Reason #1: Casey’s Revealed Momentum in Its FQ2 Report

Casey’s General Stores delivered a solid fiscal second quarter (FQ2), with earnings resultsshowing strength and momentum that are expected to carry through to year-end. Net revenue of $4.51 billion rose 14.2% year-over-year (YOY), slightly ahead of consensus, driven by new-store expansion and comp-store increases. Store count was up 9% YOY and 0.6% year-to-date (YTD), helped by last year’s acquisition of Fike’s.

Strength appeared in both the inside and outside segments, with total inside sales up 13%, inside comps up 3.3%, and fuel-gallon comps up 0.8%.

Within the inside segment, both grocery and prepared foods showed meaningful improvement, including margin expansion.

The company widened its fuel margin, which helped offset higher costs elsewhere and preserve overall profitability versus the prior year. That margin strength contributed to a 17.5% increase in EBITDA, a 14% rise in net income, and GAAP EPS of $0.33.

Notably, the $0.33 EPS was about 630 basis points above MarketBeat’s reported consensus forecast. These results support a stronger full-year profitability outlook, and operating momentum is expected to continue into 2026.
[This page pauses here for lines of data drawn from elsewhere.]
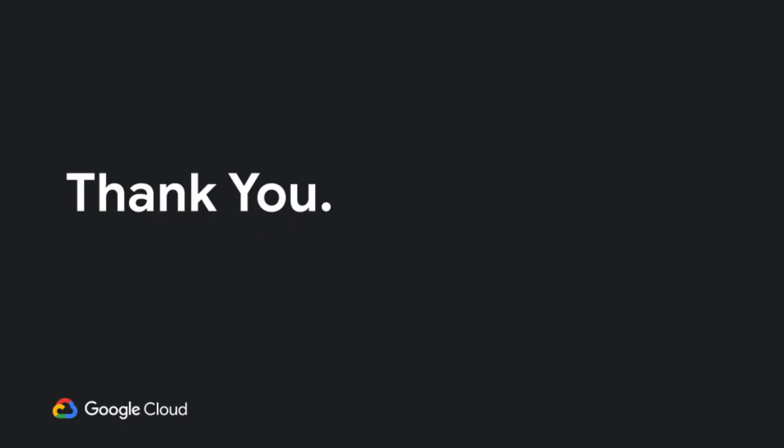So that's it for today. Thank you for joining. You can find more webinars coming out every week. So please tune in for that. And you can also find recordings of our past webinars on our YouTube channel. Thanks again for joining. Take care. Bye.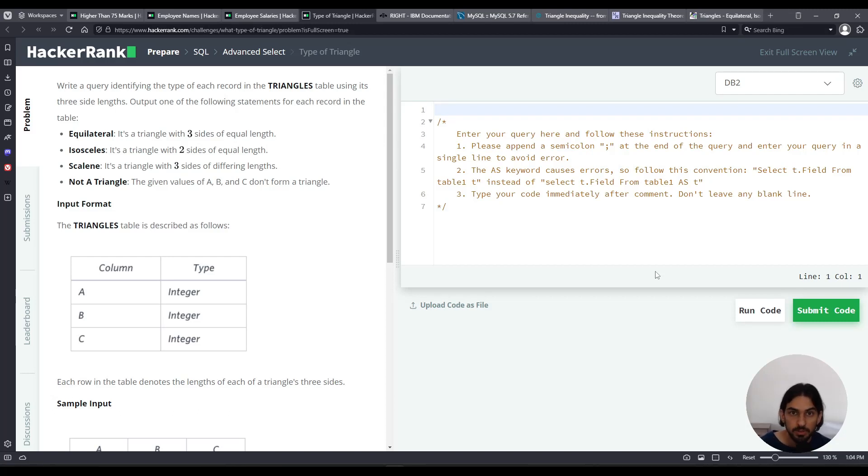Hey everybody, welcome to another lesson. I will do Type a Triangle from the Advanced Select subsection of the SQL section, HackerRank.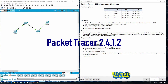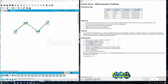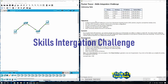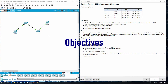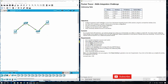Welcome to Packet Tracer 2.4.1.2 Skills Integration Challenge. Our objectives today: configure host names and IP addresses on two Cisco IOS switches using the command line interface CLI. Use Cisco IOS commands to specify or limit access to the device configurations. Use IOS commands to save the running configuration. Configure two host devices with IP addresses and verify connectivity between the two PCs.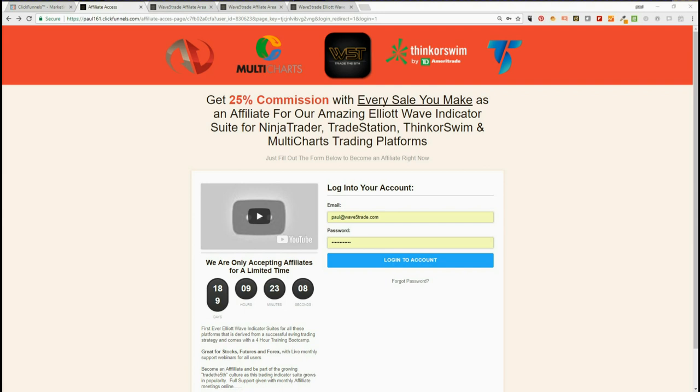Hi, it's Paul from wave5trade.com. This is a quick video tour of the affiliate area for our affiliates. First, you've got your login page here, and you'll log into your account. The link for this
Reason #2: Casey’s Generates Healthy Cash Flows and Value

While Casey’s operates with the modest margins typical of the retail sector, its operational efficiency and balance sheet strength allow it to generate substantial free cash flow. In FQ2, positive cash flow helped strengthen the balance sheet, with assets growing faster than liabilities. Total liabilities stood at about 1.25 times equity, and shareholder equity is rising.

Shareholder equity increased roughly 8% YTD even as the company continued to return capital through dividends and buybacks.

Neither the dividend nor the buybacks are aggressive; they are disciplined and consistent. The 0.4% yield as of mid-December represents only about 10% of the earnings forecast and is expected to grow over time. The company is a Dividend Aristocrat and is on track to extend its streak toward 50 years and potential Dividend King status.

Share repurchases have been modest but steady, reducing the share count incrementally each quarter. Investors should note that Casey’s share count rose YOY earlier in the year because the company preserved capital ahead of the acquisition of Fike’s. Buybacks have since resumed, lowered the share count in FQ2, and are expected to continue in 2026. 

Reason #3: Casey’s Has Broad Market Support

Beyond the earnings momentum and capital returns, broad market support has been an important tailwind for the stock’s longer-term appreciation. That support shows up in analyst coverage and institutional behavior.

Analysts who rate the stock a Moderate Buy have been nudging up their 2026 price targets, and that trend continued after the FQ2 release.

One notable update was a price-target increase from RBC to $591, above consensus and sufficient to drive a new all-time high. Institutions own roughly 85% of the shares and were net buyers in every quarter of 2026, purchasing about $2 for every $1 sold.